**Source data**
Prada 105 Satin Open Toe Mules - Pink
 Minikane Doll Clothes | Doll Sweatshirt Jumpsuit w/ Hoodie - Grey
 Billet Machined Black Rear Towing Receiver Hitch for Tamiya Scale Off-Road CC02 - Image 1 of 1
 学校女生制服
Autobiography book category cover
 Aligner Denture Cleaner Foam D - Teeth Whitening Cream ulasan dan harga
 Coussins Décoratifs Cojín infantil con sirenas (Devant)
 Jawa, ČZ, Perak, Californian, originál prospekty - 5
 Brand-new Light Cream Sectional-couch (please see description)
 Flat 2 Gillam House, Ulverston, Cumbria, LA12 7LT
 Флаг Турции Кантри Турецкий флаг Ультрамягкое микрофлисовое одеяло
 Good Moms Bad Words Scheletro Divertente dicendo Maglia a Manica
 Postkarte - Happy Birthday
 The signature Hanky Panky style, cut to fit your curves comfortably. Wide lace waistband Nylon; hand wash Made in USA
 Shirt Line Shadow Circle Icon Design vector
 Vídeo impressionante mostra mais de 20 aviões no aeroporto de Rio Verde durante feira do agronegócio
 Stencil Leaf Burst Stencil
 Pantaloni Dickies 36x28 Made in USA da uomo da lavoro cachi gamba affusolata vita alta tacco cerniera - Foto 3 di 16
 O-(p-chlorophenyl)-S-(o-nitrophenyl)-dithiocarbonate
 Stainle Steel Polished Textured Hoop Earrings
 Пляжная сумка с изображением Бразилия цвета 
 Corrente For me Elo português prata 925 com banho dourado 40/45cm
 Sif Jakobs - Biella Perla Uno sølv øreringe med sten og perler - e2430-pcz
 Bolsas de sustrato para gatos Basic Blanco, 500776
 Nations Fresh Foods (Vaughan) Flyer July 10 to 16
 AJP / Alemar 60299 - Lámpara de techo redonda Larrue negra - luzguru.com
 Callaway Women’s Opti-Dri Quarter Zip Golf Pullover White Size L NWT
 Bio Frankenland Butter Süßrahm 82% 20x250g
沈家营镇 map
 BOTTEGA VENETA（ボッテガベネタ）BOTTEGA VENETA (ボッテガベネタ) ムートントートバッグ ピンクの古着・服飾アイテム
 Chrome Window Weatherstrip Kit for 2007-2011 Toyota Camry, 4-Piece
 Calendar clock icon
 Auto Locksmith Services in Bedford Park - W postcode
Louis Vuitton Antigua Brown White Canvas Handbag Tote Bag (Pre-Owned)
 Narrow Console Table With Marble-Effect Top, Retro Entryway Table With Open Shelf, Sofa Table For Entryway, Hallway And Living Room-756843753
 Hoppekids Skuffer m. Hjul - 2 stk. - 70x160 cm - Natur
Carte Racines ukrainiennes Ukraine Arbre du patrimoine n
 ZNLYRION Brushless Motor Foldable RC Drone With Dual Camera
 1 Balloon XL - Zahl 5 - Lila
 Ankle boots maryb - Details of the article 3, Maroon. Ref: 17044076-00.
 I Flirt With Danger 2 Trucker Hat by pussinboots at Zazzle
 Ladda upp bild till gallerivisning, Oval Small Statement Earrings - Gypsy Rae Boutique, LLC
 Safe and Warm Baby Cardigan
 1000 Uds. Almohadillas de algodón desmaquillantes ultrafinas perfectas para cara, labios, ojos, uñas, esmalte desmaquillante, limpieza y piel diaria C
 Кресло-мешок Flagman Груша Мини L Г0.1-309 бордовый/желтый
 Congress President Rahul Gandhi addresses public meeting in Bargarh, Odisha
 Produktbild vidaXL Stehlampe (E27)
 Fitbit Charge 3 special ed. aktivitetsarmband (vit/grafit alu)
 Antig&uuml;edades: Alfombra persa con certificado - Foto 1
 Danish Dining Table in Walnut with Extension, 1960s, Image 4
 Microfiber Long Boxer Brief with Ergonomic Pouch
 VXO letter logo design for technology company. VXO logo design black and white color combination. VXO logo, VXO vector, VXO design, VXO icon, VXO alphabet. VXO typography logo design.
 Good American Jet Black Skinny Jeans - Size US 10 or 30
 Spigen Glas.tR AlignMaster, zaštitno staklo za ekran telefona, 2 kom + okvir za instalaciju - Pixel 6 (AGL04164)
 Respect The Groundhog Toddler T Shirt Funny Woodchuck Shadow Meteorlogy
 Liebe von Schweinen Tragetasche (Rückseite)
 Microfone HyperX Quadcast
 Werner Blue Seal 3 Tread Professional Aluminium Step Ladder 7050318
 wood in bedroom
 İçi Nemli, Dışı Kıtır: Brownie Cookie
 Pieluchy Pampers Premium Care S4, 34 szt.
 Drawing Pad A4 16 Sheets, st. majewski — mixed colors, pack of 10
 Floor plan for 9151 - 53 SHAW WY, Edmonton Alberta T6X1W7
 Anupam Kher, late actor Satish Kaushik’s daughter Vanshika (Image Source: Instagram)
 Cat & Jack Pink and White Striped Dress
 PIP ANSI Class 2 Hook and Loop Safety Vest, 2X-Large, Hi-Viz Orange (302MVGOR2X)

**What needs to be done**
Using the listing above, copy exactly the line that contains "Ladda upp bild", the line that contains "Antig&uuml;edades: Alfombra persa", and each line that falls between them.

**Answer box**
 Ladda upp bild till gallerivisning, Oval Small Statement Earrings - Gypsy Rae Boutique, LLC
 Safe and Warm Baby Cardigan
 1000 Uds. Almohadillas de algodón desmaquillantes ultrafinas perfectas para cara, labios, ojos, uñas, esmalte desmaquillante, limpieza y piel diaria C
 Кресло-мешок Flagman Груша Мини L Г0.1-309 бордовый/желтый
 Congress President Rahul Gandhi addresses public meeting in Bargarh, Odisha
 Produktbild vidaXL Stehlampe (E27)
 Fitbit Charge 3 special ed. aktivitetsarmband (vit/grafit alu)
 Antig&uuml;edades: Alfombra persa con certificado - Foto 1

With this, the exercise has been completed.